▸ Recorded data:
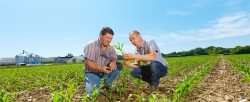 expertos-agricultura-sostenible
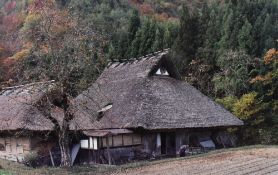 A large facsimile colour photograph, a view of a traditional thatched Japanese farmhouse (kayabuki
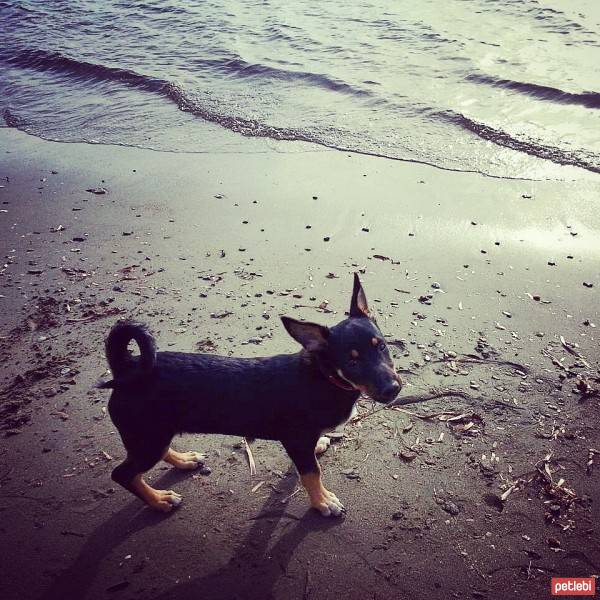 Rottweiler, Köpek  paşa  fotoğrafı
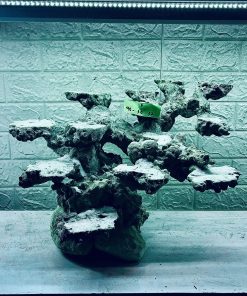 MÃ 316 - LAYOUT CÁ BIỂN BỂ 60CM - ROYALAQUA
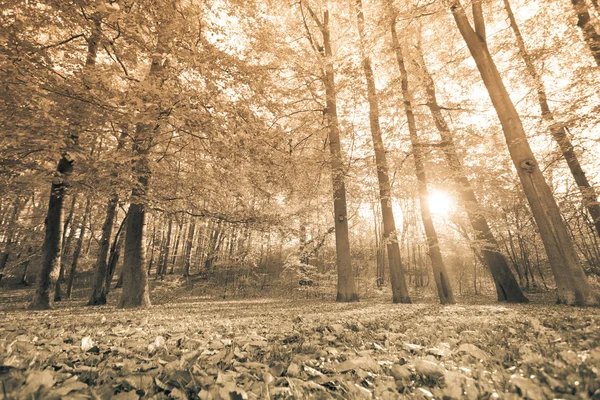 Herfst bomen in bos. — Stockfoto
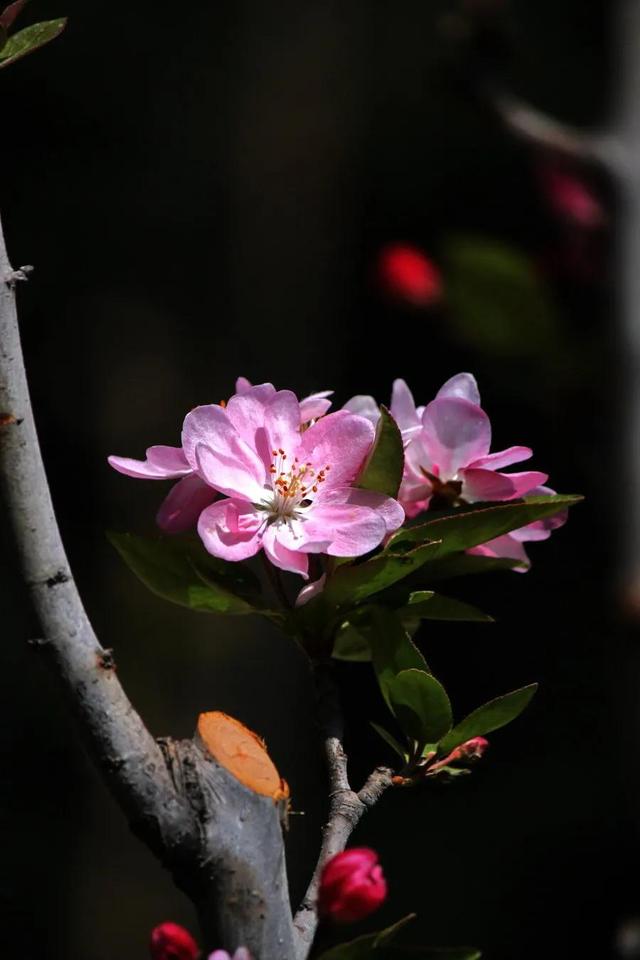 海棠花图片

▸ Try it:
Lines from the one containing "MÃ 316 - LAYOUT CÁ BIỂN BỂ 60CM - ROYALAQUA" through the end of the material above must be reproduced exactly; pictures must not be.

▸ Answer box:
 MÃ 316 - LAYOUT CÁ BIỂN BỂ 60CM - ROYALAQUA
 Herfst bomen in bos. — Stockfoto
 海棠花图片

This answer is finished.